**Material supplied:**
————

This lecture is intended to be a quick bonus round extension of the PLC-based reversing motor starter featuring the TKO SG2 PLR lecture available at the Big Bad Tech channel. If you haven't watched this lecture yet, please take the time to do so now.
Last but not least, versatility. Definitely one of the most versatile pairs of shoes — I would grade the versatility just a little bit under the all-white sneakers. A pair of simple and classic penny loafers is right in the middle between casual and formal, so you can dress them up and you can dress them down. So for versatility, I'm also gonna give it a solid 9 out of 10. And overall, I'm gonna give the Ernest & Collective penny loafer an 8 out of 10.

————

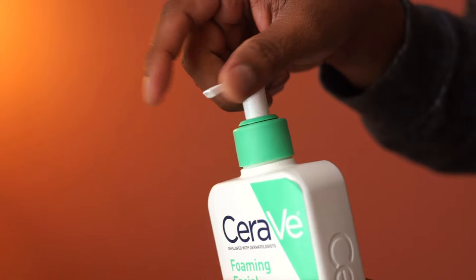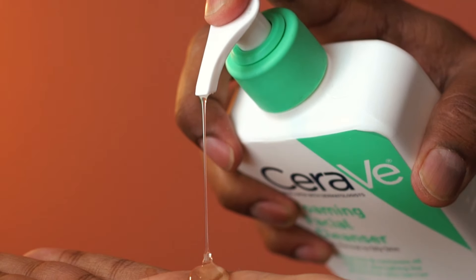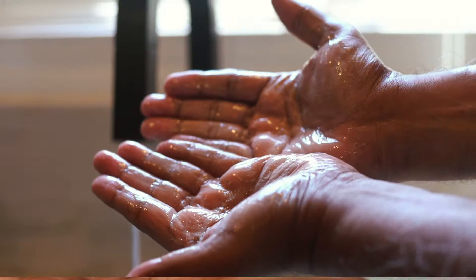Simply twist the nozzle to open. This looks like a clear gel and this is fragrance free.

————

**Task item:**
Only those lines of the entries above that run from the line containing "This lecture is" to the line containing "Last but not", both included, should be transcribed exactly.

**Response:**
This lecture is intended to be a quick bonus round extension of the PLC-based reversing motor starter featuring the TKO SG2 PLR lecture available at the Big Bad Tech channel. If you haven't watched this lecture yet, please take the time to do so now.
Last but not least, versatility. Definitely one of the most versatile pairs of shoes — I would grade the versatility just a little bit under the all-white sneakers. A pair of simple and classic penny loafers is right in the middle between casual and formal, so you can dress them up and you can dress them down. So for versatility, I'm also gonna give it a solid 9 out of 10. And overall, I'm gonna give the Ernest & Collective penny loafer an 8 out of 10.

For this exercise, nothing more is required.